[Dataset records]
------------------------------
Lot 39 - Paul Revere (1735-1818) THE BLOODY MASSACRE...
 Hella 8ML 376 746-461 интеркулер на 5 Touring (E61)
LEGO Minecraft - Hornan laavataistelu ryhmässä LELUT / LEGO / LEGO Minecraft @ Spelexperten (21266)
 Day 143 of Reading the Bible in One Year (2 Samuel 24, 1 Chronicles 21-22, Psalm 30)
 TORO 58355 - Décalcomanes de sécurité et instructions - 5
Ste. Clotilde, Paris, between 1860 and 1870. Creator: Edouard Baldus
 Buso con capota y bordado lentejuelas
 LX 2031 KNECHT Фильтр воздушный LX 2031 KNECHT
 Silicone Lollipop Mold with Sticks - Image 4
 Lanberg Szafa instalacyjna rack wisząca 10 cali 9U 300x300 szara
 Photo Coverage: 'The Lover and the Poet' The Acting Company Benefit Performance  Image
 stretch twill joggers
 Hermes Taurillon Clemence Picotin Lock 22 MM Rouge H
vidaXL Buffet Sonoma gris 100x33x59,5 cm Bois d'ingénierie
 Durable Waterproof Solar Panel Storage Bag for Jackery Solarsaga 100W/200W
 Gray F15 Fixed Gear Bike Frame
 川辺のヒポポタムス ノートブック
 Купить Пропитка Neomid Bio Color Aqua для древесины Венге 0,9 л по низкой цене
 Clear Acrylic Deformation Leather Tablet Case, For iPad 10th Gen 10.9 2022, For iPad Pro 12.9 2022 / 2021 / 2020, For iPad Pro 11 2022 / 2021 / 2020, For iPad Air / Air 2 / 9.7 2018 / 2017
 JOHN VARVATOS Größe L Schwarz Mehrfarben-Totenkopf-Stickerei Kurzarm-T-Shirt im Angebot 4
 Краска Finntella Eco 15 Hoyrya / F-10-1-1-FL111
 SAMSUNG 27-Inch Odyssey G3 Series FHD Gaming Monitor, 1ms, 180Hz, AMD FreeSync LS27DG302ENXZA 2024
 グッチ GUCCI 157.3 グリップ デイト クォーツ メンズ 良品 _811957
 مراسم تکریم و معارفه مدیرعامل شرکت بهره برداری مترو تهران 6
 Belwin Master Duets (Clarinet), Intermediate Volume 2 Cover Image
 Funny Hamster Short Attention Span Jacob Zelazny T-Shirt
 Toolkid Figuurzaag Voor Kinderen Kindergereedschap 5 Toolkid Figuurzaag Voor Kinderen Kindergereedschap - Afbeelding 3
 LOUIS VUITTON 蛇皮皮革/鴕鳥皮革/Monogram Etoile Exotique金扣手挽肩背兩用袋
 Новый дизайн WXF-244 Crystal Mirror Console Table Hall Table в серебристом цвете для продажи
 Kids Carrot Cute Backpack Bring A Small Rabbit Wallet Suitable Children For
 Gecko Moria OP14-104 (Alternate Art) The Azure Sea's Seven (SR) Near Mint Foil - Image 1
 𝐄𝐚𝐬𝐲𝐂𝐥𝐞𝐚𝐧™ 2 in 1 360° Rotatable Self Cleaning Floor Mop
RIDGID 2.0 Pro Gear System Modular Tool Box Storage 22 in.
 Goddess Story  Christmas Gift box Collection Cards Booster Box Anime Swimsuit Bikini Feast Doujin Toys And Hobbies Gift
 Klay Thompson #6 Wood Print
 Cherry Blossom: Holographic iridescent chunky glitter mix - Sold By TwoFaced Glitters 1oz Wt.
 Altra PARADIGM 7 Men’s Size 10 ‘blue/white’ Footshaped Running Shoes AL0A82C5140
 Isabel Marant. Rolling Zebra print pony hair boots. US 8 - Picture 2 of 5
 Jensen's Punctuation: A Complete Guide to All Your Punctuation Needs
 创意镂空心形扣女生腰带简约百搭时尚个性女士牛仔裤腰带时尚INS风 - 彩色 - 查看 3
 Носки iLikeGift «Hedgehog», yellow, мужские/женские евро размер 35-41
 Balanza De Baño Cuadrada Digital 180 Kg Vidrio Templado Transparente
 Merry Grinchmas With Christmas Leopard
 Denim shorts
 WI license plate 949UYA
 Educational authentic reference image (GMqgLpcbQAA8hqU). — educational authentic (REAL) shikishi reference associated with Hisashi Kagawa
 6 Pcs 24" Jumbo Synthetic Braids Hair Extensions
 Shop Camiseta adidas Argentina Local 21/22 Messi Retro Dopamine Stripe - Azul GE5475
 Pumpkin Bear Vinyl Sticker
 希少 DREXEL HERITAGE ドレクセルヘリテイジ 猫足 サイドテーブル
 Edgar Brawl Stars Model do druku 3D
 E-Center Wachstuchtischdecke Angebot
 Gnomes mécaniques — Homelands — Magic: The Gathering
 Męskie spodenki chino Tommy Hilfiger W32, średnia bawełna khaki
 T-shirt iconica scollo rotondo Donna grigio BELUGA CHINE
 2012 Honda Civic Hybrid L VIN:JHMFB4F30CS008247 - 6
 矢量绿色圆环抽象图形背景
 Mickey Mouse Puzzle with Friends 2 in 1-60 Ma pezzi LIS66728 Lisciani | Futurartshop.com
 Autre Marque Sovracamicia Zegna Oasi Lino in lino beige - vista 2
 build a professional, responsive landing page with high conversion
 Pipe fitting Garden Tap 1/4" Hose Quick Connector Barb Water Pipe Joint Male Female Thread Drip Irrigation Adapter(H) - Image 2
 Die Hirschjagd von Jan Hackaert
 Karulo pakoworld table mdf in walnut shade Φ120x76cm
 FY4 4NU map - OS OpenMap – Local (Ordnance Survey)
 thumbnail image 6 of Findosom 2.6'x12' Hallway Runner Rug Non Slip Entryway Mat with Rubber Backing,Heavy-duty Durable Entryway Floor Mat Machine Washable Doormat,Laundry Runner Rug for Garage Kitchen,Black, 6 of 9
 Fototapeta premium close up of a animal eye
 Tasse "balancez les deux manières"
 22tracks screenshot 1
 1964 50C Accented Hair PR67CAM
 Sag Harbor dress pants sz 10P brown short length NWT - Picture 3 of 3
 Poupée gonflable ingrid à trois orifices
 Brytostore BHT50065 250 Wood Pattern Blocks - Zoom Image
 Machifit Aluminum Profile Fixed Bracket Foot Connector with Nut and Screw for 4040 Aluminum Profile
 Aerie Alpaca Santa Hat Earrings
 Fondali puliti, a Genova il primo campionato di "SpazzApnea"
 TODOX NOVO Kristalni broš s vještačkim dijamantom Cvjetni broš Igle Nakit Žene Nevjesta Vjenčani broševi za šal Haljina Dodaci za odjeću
------------------------------
* PROBLEM TO WORK ON: Repeat exactly the lines above from the one with "Balanza De Baño" up to and including the one with "FY4 4NU map". No other line belongs in the reply.

* SOLUTION FOR THIS TASK:
 Balanza De Baño Cuadrada Digital 180 Kg Vidrio Templado Transparente
 Merry Grinchmas With Christmas Leopard
 Denim shorts
 WI license plate 949UYA
 Educational authentic reference image (GMqgLpcbQAA8hqU). — educational authentic (REAL) shikishi reference associated with Hisashi Kagawa
 6 Pcs 24" Jumbo Synthetic Braids Hair Extensions
 Shop Camiseta adidas Argentina Local 21/22 Messi Retro Dopamine Stripe - Azul GE5475
 Pumpkin Bear Vinyl Sticker
 希少 DREXEL HERITAGE ドレクセルヘリテイジ 猫足 サイドテーブル
 Edgar Brawl Stars Model do druku 3D
 E-Center Wachstuchtischdecke Angebot
 Gnomes mécaniques — Homelands — Magic: The Gathering
 Męskie spodenki chino Tommy Hilfiger W32, średnia bawełna khaki
 T-shirt iconica scollo rotondo Donna grigio BELUGA CHINE
 2012 Honda Civic Hybrid L VIN:JHMFB4F30CS008247 - 6
 矢量绿色圆环抽象图形背景
 Mickey Mouse Puzzle with Friends 2 in 1-60 Ma pezzi LIS66728 Lisciani | Futurartshop.com
 Autre Marque Sovracamicia Zegna Oasi Lino in lino beige - vista 2
 build a professional, responsive landing page with high conversion
 Pipe fitting Garden Tap 1/4" Hose Quick Connector Barb Water Pipe Joint Male Female Thread Drip Irrigation Adapter(H) - Image 2
 Die Hirschjagd von Jan Hackaert
 Karulo pakoworld table mdf in walnut shade Φ120x76cm
 FY4 4NU map - OS OpenMap – Local (Ordnance Survey)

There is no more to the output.